In short, the court ruled it should be acceptable to “allow a witness to testify with her face covered unless this unjustifiably impinges on the accused’s fair trial rights.” If there is no threat to justice, why not respect religious beliefs, even those we disagree with?
The chief justice was quick to add, “if the liberty of the accused is at stake, the witness’s evidence is central to the case and her credibility vital, the possibility of a wrongful conviction must weigh heavily in the balance, favouring the removal of the niqab.”
Where there is a risk that an innocent person will be sent to prison because a witness is wearing a niqab, off it should come.
“The answer lies in a just and proportionate balance between freedom of religion and trial fairness.”
The decision arose out an Ontario case in which a Muslim woman accused her uncle and cousin of sexually assaulting her when she was a child.
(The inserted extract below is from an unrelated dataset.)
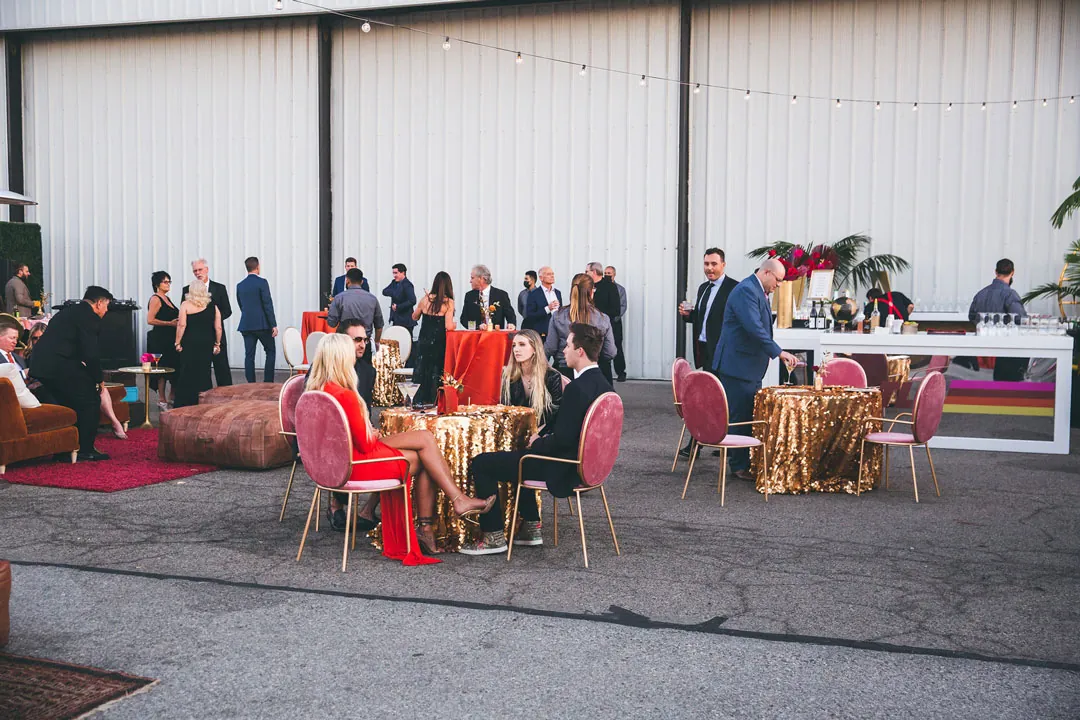 Gala guests seated at gold sequin cocktail tables with pink velvet chairs outside the hangar doors at The Executive Hangar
During the preliminary inquiry, the alleged victim, N.S. (whose name has been withheld by a publication ban) asked to testify with her face covered based on her Muslim beliefs. The trial judge declined, siding with the defendants who claimed they had a right to face their accuser and to gauge her sincerity by seeing her facial expressions.
The trial judge agreed, but also added that he denied N.S.’s request because her religious beliefs were “not that strong.”
This latter argument — the judge’s perception that N.S.’s beliefs were insufficiently sincere — would have been a dangerous precedent.
Who are the courts to decide whether any of us hold our beliefs sufficiently strongly to warrant charter protection of our religious freedom? We believe what we claim to believe. If a judge thinks we are lying, he or she is free to throw out our claims.
But do we truly want courts getting into the business of administering faith tests?
And how would a judge decide? Make us recite passages from our faith’s holy books? Submit attendance records signed by a pastor, rabbi or imam? And what about people who are profoundly spiritual but not especially religious? Unless our religious beliefs and practices get in the way of a court’s ability to determine guilt or innocence, courts should respect and accommodate them.
In my mind, the niqab and what it stands for is offensive to women. I would hope as Muslim Canadians adapt to Western culture, the practice of veiling women will disappear. But that is my opinion only, not something I want the state to impose on other citizens who disagree.
I have concerns about courts certifying the identity of any niqab-wearing witness. Such a witness should have to reveal her face to a court officer who can vouch that she is who she says she is. But that could be satisfied in a back room with the witness allowed to re-veil before entering open court.
Those of us worried that accommodation to devout Muslim practices will weaken the Western precepts of fairness and equality that underpin Canadian culture need not fear this decision.